═══ The input ═══
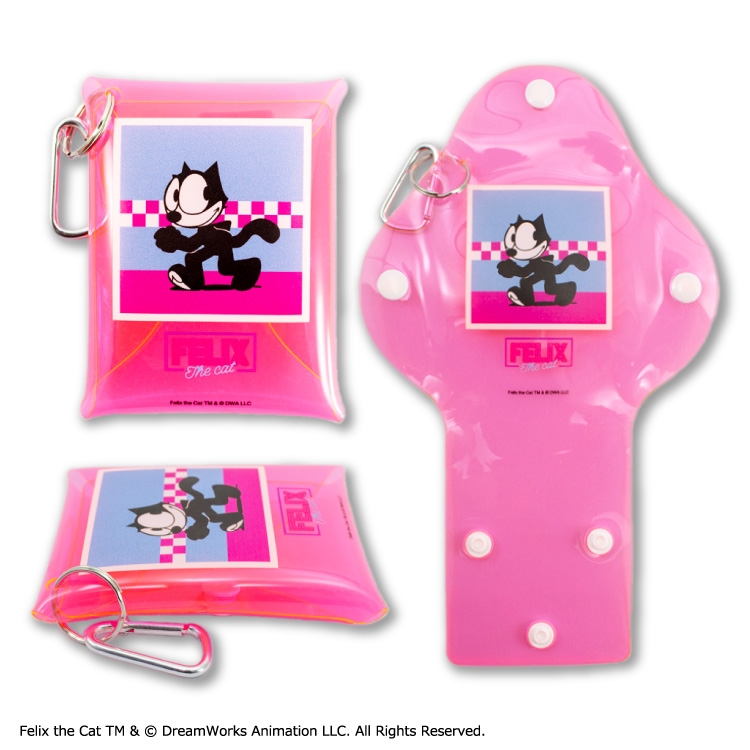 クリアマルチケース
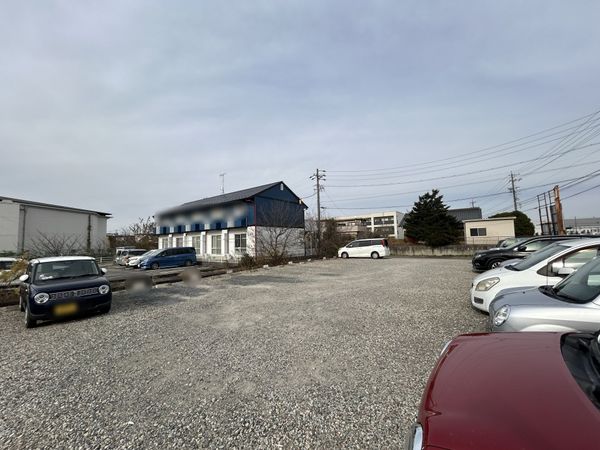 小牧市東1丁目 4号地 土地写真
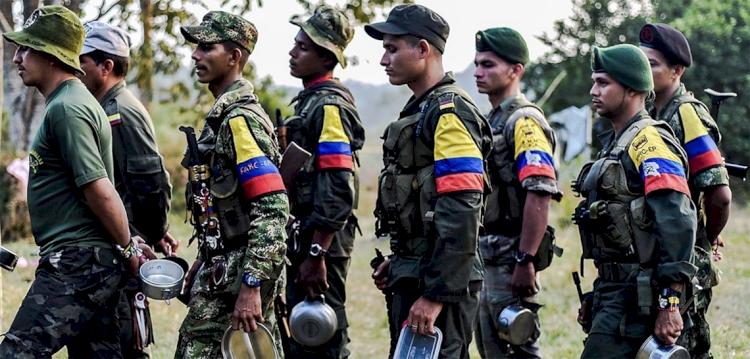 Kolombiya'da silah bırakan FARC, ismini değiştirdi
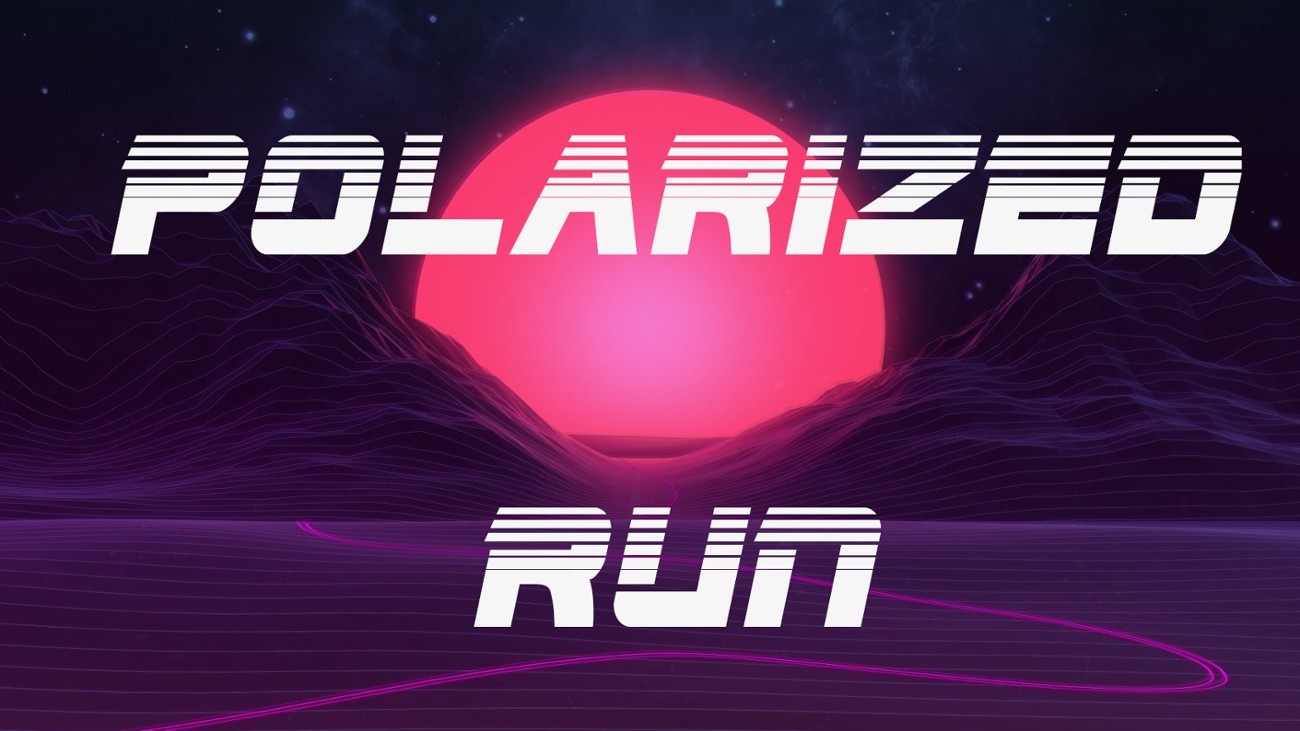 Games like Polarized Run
═══
═══ The input ═══
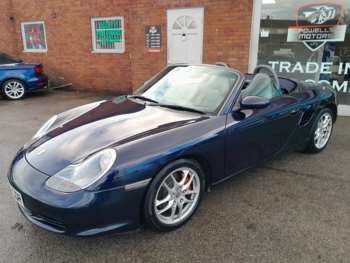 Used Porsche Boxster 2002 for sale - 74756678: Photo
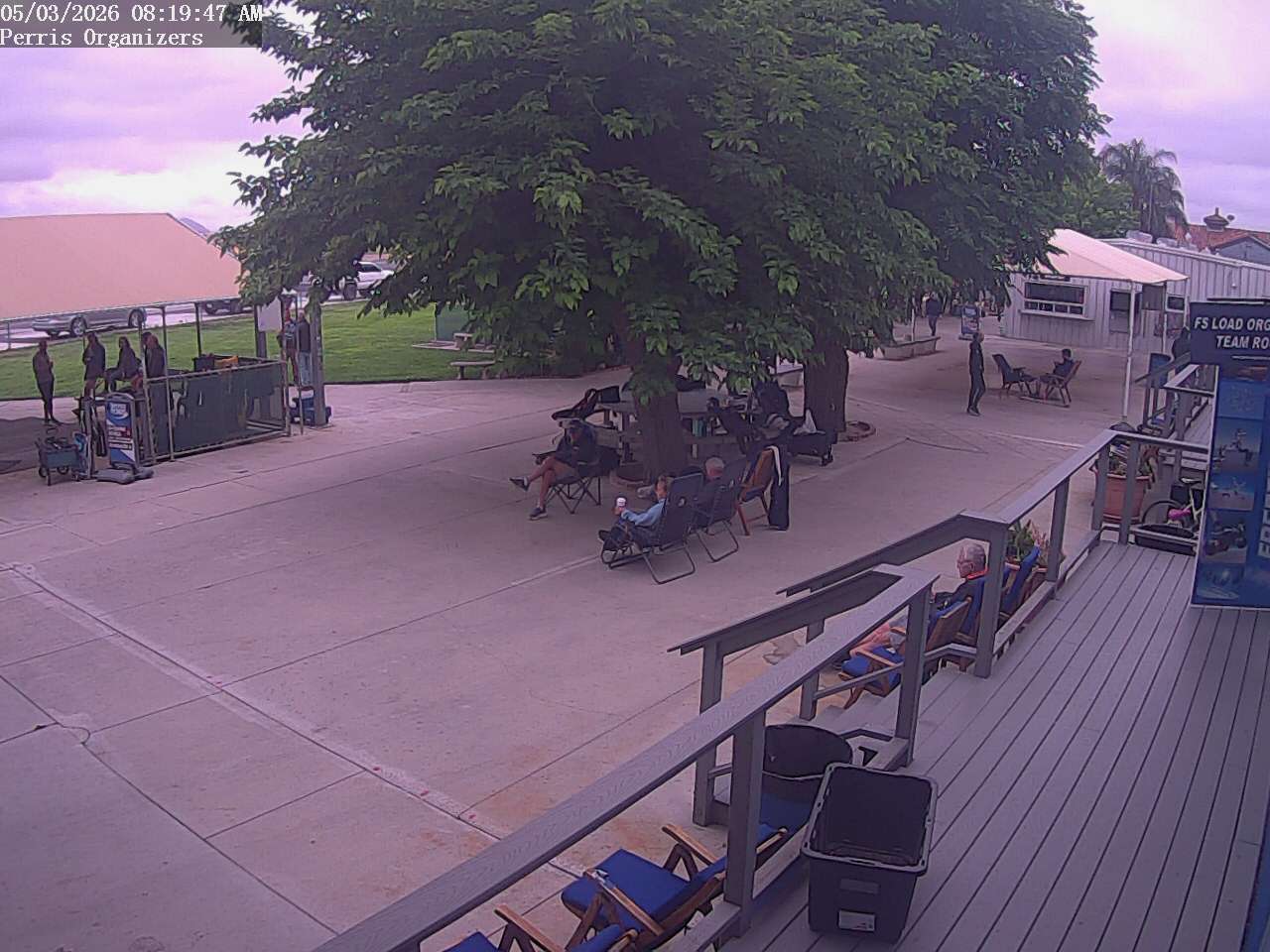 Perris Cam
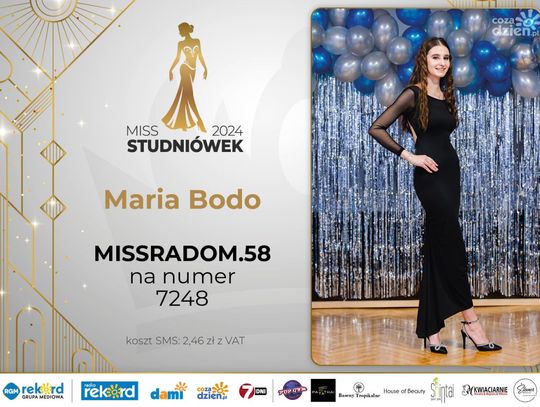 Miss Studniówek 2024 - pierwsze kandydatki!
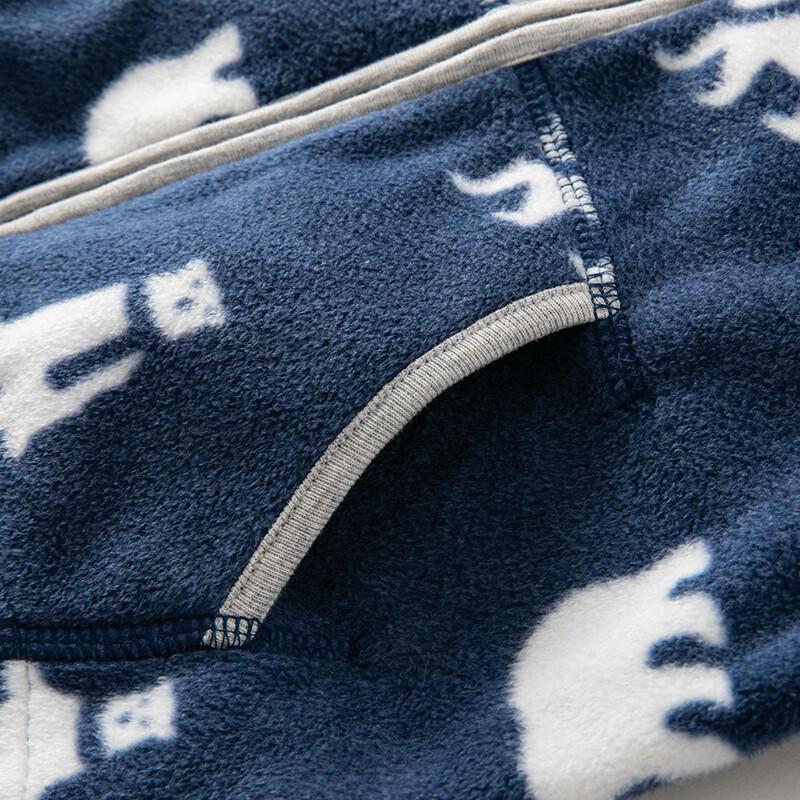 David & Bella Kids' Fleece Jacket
═══
- What is expected -
Excerpt from the records above: set down only the lines from the one that contains "Miss Studniówek 2024 - pierwsze kandydatki!" through the one that contains "David & Bella Kids' Fleece Jacket", inclusive, word for word. Pictures stay out.

- Answer for the task -
 Miss Studniówek 2024 - pierwsze kandydatki!
 David & Bella Kids' Fleece Jacket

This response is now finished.